An advisory board of twenty-five counselors was set up. We also referred to this board, in the early by-laws in article XVI, as the governing body of the corporation. The board chose members of the corporation (article XIII). To be elected a member, one must have been “navigating” for at least six months and have subscribed to our statement of faith. Members were nominated by the president and approved by the board for one or more of seven standing committees. These included a Bible clubs committee and a missionary committee.3

The board was an “inside” board, except for one businessman.4 Dawson Trotman was the chairman. The board members were elected by the Navigator representatives at our annual staff conference.5

In 1956, Dawson died. Lorne Sanny became chairman of the board of directors.
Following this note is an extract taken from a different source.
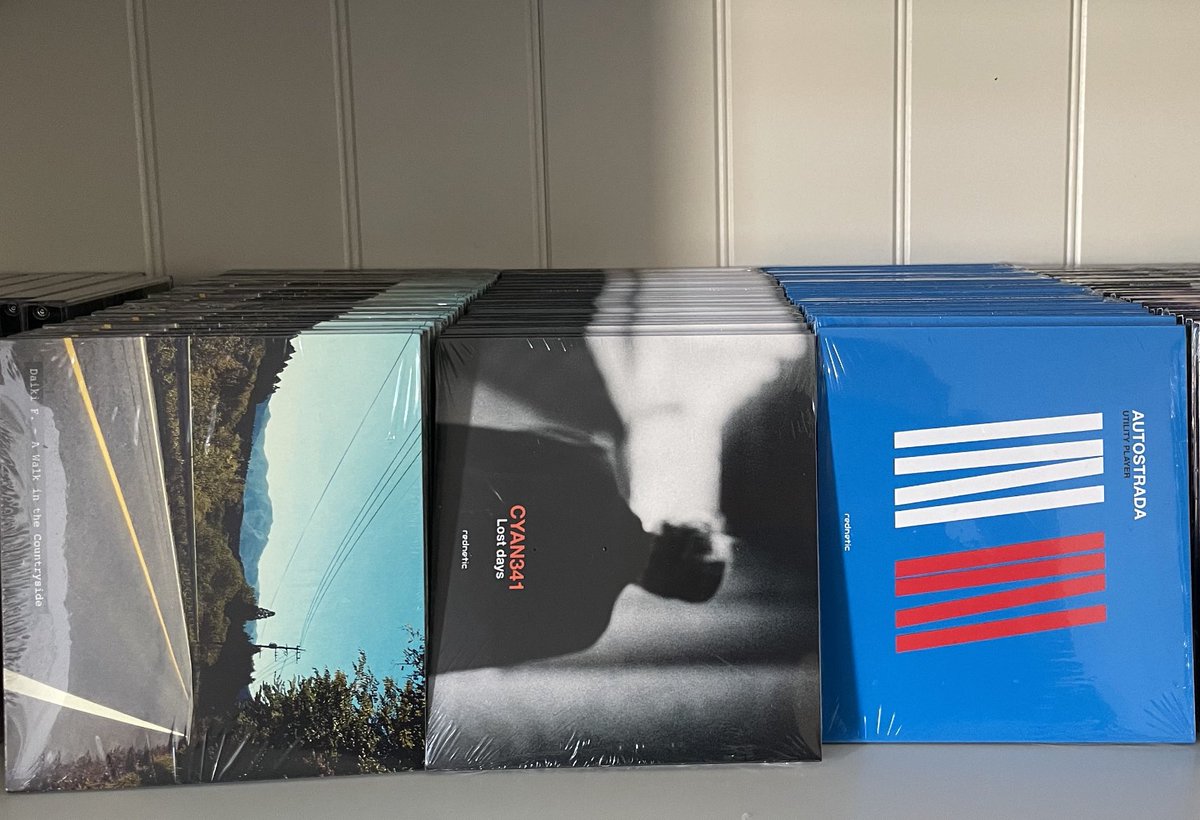cyan341's tweet photo. In a Daiki F and Utility Player sandwich. First up on Rednetic A Walk in the Countryside by Daiki F, then Lost Days by me and then Autostrada by Utility Player. A great end to the year. 

https://t.co/gVkSmcNhLm https://t.co/4vaqwD2vwn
The primary purpose of incorporating The Navigators of Colorado on July 3, 1956 was to set up a legal body to hold title to our newly acquired Glen Eyrie property.6 Our California corporation was eventually merged with the new Colorado entity on March 13, 1970.

US Board: 1960s to 1977

The Navigator overseas missionary program was developing. The US board was responsible for all American staff, including those serving overseas. Early in 1961, we held our first overseas policy conference. This conference resulted in five overseas budget policies7 for the board to supervise. Raising money for such budgets was a joint responsibility of the board and the Representative, the latter being attached to our public relations department for this work of deputation.

Conclusion 20 of the conference addressed what we then called nationals,8 observing that our relationship with them “should be flexible, dictated by the varying circumstances in each country.”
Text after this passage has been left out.